I might have to agree with you about the Boardwalk views of the studio - I know it was left and left from the elevators. And I was not in the unit at nighttime. 

Thanks for the map.


----------



## tombo

got4boys said:


> "EXTRA FEES" is what a resale timeshare and trade into DVC will incur.
> 
> If you are purchasing a unit just for the sake of using it for Disney, which many tugger have done, there are additional fees to get it to work. Especially with the new RCI TPU system. Most Disney Units have a TPU of 25. If you do not have one unit with a TPU of 25, you would need to combine at $99, exchange at $179 and transportation fee of $95 at check in.
> Peggy



Yes there are additional fees, but it is still mch cheaper to trade into DVC than to own.  I have a summer beach week one bed room annual MF's of $575 which has 38 TPU's. I have a 2 bed room ocean front summer beach week which gets 45 tpu's and has an annual MF total of $629. For $629 and $575 (total of $1204) and $99 combining fee I have 83 TPU's a year. Add in three $95 transportation fees, three $179 exchange fees, and I can book 3 DVC weeks with TPU's left over.
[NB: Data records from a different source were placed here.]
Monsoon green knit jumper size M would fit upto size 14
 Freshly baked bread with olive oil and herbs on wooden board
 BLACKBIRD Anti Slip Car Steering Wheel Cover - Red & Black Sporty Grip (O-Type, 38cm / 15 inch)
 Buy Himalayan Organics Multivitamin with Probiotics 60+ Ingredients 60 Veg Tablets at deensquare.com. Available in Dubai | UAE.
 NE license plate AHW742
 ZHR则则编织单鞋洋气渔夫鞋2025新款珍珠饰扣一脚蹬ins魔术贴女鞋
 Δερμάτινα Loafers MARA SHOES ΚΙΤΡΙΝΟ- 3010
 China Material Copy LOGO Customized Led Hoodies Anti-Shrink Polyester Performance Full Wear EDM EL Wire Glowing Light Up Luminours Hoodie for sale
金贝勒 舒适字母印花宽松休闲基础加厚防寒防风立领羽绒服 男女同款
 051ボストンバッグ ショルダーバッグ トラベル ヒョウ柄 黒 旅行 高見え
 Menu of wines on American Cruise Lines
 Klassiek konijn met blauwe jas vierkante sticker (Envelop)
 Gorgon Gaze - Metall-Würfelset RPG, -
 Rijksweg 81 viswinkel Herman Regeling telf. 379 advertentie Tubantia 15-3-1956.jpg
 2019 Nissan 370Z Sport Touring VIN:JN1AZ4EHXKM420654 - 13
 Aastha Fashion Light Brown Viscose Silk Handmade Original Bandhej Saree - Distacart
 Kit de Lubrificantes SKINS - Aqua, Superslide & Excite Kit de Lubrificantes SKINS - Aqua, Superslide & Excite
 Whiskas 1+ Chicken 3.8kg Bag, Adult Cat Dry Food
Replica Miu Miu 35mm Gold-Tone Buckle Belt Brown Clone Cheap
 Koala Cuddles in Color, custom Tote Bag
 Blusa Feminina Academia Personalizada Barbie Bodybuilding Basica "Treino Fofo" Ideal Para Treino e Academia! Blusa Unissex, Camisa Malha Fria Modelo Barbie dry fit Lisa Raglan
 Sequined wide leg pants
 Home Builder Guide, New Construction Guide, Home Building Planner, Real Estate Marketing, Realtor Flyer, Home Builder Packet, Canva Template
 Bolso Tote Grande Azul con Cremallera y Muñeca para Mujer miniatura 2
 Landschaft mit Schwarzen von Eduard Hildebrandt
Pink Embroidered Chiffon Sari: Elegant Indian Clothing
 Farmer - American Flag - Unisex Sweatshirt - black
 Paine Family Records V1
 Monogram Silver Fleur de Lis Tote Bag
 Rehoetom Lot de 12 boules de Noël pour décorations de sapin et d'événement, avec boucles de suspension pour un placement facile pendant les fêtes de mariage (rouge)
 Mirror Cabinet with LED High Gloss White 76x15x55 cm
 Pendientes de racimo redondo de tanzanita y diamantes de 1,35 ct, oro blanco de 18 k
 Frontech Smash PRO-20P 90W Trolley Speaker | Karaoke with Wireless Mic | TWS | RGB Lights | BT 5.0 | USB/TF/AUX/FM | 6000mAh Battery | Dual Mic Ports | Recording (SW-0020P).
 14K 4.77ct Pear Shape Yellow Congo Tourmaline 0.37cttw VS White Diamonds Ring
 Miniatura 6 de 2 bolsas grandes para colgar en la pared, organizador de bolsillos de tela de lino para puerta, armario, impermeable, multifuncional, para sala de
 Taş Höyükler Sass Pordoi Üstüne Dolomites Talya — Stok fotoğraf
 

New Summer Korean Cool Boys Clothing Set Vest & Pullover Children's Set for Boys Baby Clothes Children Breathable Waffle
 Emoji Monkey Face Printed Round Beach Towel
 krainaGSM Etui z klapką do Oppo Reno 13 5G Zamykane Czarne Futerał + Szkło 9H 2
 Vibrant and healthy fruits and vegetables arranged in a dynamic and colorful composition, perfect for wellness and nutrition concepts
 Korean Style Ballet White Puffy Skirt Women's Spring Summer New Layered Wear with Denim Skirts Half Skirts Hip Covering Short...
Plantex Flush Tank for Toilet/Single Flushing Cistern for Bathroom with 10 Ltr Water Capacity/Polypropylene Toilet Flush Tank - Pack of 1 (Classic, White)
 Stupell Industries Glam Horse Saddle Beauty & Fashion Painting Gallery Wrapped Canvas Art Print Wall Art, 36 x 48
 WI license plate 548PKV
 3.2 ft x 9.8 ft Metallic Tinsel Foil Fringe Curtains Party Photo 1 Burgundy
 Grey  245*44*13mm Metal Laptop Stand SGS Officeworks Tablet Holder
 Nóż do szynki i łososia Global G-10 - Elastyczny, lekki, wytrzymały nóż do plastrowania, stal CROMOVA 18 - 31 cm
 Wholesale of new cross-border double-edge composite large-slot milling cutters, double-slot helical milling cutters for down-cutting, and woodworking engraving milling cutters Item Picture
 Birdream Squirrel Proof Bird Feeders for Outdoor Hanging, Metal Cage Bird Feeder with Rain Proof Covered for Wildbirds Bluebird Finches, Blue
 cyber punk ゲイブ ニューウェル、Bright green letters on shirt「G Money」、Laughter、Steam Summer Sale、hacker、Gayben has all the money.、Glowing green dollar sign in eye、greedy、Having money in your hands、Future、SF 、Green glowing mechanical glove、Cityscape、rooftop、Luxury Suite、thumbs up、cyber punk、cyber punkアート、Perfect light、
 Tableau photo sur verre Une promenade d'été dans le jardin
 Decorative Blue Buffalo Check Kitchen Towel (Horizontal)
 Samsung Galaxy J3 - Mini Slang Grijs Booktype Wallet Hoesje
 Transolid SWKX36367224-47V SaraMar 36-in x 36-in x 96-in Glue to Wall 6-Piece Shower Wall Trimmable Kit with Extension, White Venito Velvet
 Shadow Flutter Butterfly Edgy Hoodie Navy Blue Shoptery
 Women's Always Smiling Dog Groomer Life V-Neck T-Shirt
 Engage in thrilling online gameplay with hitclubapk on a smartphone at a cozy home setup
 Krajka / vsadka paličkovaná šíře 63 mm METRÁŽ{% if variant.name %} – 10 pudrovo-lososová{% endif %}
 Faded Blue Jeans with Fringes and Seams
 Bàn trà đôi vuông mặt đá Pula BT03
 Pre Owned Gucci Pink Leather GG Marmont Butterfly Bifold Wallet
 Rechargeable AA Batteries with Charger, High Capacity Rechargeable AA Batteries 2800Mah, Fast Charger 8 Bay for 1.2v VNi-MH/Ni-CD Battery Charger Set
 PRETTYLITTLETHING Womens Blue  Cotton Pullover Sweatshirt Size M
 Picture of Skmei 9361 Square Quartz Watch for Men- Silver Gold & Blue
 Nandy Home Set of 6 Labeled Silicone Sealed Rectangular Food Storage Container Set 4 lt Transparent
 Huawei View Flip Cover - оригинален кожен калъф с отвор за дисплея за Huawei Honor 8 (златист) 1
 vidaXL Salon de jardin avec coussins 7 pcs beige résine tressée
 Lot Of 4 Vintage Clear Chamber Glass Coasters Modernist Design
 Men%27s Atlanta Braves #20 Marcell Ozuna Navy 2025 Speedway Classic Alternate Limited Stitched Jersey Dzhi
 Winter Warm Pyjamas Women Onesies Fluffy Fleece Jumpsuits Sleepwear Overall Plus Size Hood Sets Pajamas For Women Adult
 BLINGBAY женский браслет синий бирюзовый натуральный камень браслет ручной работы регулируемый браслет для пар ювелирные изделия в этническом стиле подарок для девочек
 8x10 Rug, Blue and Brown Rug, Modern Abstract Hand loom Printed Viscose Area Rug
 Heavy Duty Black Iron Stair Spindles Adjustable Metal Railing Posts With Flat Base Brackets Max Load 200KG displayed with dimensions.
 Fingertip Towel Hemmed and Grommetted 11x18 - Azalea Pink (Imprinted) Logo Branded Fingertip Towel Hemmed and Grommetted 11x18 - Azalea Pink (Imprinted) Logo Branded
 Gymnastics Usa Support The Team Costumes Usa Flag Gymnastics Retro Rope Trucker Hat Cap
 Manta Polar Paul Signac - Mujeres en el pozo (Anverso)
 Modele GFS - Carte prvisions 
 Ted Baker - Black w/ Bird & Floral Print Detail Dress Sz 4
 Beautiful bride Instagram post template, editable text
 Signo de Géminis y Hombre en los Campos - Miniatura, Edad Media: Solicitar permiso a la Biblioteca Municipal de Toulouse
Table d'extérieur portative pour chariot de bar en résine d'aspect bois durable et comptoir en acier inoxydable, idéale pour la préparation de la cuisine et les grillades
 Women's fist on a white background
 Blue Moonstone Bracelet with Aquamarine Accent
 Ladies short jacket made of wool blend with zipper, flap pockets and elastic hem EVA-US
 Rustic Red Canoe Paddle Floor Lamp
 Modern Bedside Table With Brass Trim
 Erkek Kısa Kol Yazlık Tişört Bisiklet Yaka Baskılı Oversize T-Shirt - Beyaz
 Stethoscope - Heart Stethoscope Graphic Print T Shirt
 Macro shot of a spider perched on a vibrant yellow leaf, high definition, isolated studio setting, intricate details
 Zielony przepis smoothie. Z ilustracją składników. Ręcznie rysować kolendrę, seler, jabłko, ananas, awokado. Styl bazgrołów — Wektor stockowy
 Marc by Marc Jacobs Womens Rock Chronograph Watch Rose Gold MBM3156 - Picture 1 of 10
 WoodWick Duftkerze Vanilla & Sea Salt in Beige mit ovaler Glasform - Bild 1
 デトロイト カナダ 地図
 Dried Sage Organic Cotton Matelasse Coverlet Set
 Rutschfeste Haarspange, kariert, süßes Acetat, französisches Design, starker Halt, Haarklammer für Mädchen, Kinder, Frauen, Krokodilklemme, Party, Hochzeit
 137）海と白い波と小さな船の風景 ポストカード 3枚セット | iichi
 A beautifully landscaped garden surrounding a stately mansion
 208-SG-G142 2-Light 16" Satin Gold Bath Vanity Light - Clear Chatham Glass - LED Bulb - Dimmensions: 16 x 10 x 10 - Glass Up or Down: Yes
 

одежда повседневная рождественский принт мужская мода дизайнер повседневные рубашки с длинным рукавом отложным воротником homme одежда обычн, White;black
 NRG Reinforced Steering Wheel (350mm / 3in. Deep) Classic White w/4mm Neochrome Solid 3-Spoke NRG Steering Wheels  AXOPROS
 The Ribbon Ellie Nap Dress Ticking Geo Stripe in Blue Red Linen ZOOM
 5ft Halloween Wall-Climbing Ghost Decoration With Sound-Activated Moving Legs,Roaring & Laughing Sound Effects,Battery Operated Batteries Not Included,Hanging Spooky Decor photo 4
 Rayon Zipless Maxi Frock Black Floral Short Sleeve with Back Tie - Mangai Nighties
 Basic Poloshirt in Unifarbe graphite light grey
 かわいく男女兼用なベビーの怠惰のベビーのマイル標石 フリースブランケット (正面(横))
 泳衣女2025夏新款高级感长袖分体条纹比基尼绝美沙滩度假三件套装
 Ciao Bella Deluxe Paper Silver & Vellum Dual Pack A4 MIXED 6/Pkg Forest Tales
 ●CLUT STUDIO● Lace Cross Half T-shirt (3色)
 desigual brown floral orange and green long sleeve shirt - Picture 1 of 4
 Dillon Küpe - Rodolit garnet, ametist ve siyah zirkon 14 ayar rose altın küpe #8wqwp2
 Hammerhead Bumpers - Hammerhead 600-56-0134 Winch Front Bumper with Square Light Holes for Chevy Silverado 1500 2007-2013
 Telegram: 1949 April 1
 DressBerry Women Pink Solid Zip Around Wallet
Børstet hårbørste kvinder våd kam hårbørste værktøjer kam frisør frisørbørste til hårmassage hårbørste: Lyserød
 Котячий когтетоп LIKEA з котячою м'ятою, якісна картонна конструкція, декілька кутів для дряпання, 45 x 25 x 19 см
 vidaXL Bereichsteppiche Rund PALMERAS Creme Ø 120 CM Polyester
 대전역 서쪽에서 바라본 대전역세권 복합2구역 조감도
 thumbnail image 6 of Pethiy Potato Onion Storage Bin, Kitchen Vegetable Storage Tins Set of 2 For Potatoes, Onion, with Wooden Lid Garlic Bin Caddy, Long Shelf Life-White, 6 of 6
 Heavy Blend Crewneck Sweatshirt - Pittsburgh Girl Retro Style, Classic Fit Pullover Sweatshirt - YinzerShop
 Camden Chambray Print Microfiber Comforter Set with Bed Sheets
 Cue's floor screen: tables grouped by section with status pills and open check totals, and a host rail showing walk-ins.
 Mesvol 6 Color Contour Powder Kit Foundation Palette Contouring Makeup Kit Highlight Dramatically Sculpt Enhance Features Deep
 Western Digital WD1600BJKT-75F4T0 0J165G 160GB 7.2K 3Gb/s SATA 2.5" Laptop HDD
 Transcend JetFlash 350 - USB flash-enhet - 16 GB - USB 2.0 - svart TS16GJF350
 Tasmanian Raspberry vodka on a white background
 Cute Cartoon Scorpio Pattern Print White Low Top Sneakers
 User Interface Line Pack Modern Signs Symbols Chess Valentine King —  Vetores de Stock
So for right at $2000 total all fees I can book 3 weeks at Disney resorts exchanging through RCI. How much does an owner have to pay to stay 3 weeks in annual MF's? It is about $1200 to $1500 per week in annual MF's for DVC owners if I am not mistaken, so to vacation for 3 weeks as an owner would cost between $3600 and $4500 vs my $2000.

If I want only one week I can use about 25 of my 38 tpu's and have a week for $575 in MFs plus $95 transportations fee plus $179 exchange fee for a total of $859 and still have 12 to 15 tpu's left over. No Disney owner can book a week for $859.

I know there are some advantages to owning, but saving money is not one of them.


----------



## SuzanneSLO

tombo said:


> [snip]
> If I want only one week I can use about 25 of my 38 tpu's and have a week for $575 in MFs plus $95 transportations fee plus $179 exchange fee for a total of $859 and still have 12 to 15 tpu's left over. No Disney owner can book a week for $859.
> 
> I know there are some advantages to owning, but saving money is not one of them.



While I agree that trading in can be a bargain, an owner at BWV can book a week in a 1 BR for 154 points in the very popular early December timeframe.  The MF on those points for 2011 would be $840.84.  Obviously, a 2 BR would be more but a studio would be substantially less (76 points at $5.46 pp would be $414.96 in MF).  The pricing is the same for September and January and  slightly higher for the other Fall months and December (excluding the holiday period).

While I think BWV is a relative bargain considering everything, this is not the only resort that such pricing is available.  For the same Sept, Early Dec, Jan time period, you could book a week in a 1 BR at Bay Lake Tower for 194 points, which would equal $754.66 in MF.  A studio is 102 points, which would equal $396.78 in MF.

Of course, the buy-in costs may be higher, even significanlty higher, than what a trader in RCI woudl cost.  But if you bought 100 points at BLY for $10,000, your out of pocket cost (absent inflation and other time value of money adjustments) would only be $896.78 for a week in a standard view  studio at WDW's Contemporary Resort for the next 20 years.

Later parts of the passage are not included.